Allein die seit Jahren anhaltende Niedrigzinsphase bedeutet auf einen wirtschaftlichen Abschwung hin. Wir beobachten nämlich schon seit längerem eine deutlich inverse Zinsstruktur. Eine inverse Zinsstruktur liegt dann vor, wenn am Kapitalmarkt die langfristigen Zinsen unter den kurzfristigen liegen. Also für Anleger lohnt es sich eher in kurzfristige Papier einzusteigen, weil diese mehr Zinsen abwerfen als langfristige. Normalerweise verhält es sich genau umgekehrt. Empirisch betrachtet gilt diese Situation als Vorbote einer wirtschaftlichen Tiefphase. Hinzu kommt natürlich das Risiko unerwarteter, aber eben nicht unmöglicher Fälle wie aktuelle die Coronavirs-Epidemie.
Obgleich niemand die Zukunft mit Gewissheit vorhersagen kann, lässt sich ein Unternehmen sehr wohl auf eine Rezession vorbereiten. Bei einer traditionellen Planung werden die Annahmen für die Zukunft als Extrapolation aus der Vergangenheit hergeleitet. Dabei wird unterstellt, dass sich Entwicklungen aus der früheren Jahren mehr oder minder fortsetzen und Maßnahmen künftig in etwa dieselben Auswirkungen haben werden wie in den Vorjahren. Die Vorbereitung auf eine Rezession bedarf indes eine genau umgekehrte Planung: Man entwickelt Zukunftsszenarien und leitet aus den Annahmen für die Zukunft die Planung für die Gegenwart ab.

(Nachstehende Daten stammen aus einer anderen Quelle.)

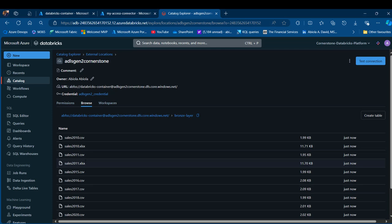This is how we can create external storage locations in a Databricks Unity Catalog enabled workspace. I hope you enjoyed this video. If you did, please like, share, and comment. Thank you for watching — bye for now.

Hierbei ist es in der Regel sinnvoll, unterschiedliche Szenarien zu entwerfen, deren Wahrscheinlichkeit zu bewerten und daraus Maßnahmen abzuleiten, wie sich ein Unternehmen am besten aufstellen sollte, um für diese verschiedenen Szenarien gerüstet zu sein.

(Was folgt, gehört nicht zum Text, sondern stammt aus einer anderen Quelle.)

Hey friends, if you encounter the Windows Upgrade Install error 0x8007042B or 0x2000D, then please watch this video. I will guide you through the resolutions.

Nehmen wir nur zwei Beispiele. Es wäre für die deutsche Automobilindustrie sehr wohl möglich gewesen, in ihre Planung Szenarien einzubeziehen, in denen Batteriegetriebene Fahrzeuge zur Selbstverständlichkeit werden, die Digitalkonzerne ihre Kompetenz auf den Automobilsektor ausdehnen und neue Geschäftsmodelle entstehen, in denen die Menschen Autos nutzen, aber nicht mehr kaufen. Statt dessen hat die Branche die Vergangenheit immer weiter fortgeschrieben, die Motoren und Karossen immer mehr verfeinert, eine weitgehend unflektierte Weiter-so-Strategie verfolgt. Und der Coronavirus mag zwar kaum vorhersagbar gewesen sein, aber die Frage, was es für die Lieferkette und die Geschäftsentwicklung bedeutet, wenn China ausfällt, sollte bei jedem internationalen Unternehmen eine Rolle gespielt haben. Schließlich hat auch keine Firma mit Verstand an der Spitze seine gesamte IT in nur einem einzigen Rechenzentrum in Betrieb, weil das Szenario des Totalausfalls eines IT-Zentrums durchdacht wurde.
Zu einer Szenarioanalyse gehört es, potenzielle Einflussfaktoren frühzeitig zu erkennen und zu bewerten. Man muss Umfeldentwicklungen einschätzen, zeitlich zuordnen und auf ihre Plausibilität hin prüfen. Dadurch gewinnt man Erkenntnisse über Chancen und Risiken, aus denen sich Erfolgs- und Misserfolgspotenziale ableiten lassen. Schließlich muss man daraus Notwendigkeiten für Veränderungen schlussfolgern, Ansatzpunkte für wichtige Investitionen und Neuausrichtungen gewinnen und das Change Management darauf abstellen.
Der Unterschied zwischen Erfolg und Misserfolg liegt häufig darin, ob das Topmanagement aus der Zukunft heraus plant („was wäre wenn und wie wahrscheinlich ist das?“) oder lediglich die Vergangenheit im Weiter-so-Takt fortschreibt. Ob Beratungsbranche oder Gesundheitswesen, Telekommunikation oder IT, Industrie, Handel oder Logistik - jeder dieser Branchen wird in Zukunft GANZ ANDERS sein als die Extrapolation der Vergangenheit. Soviel ist gewiss!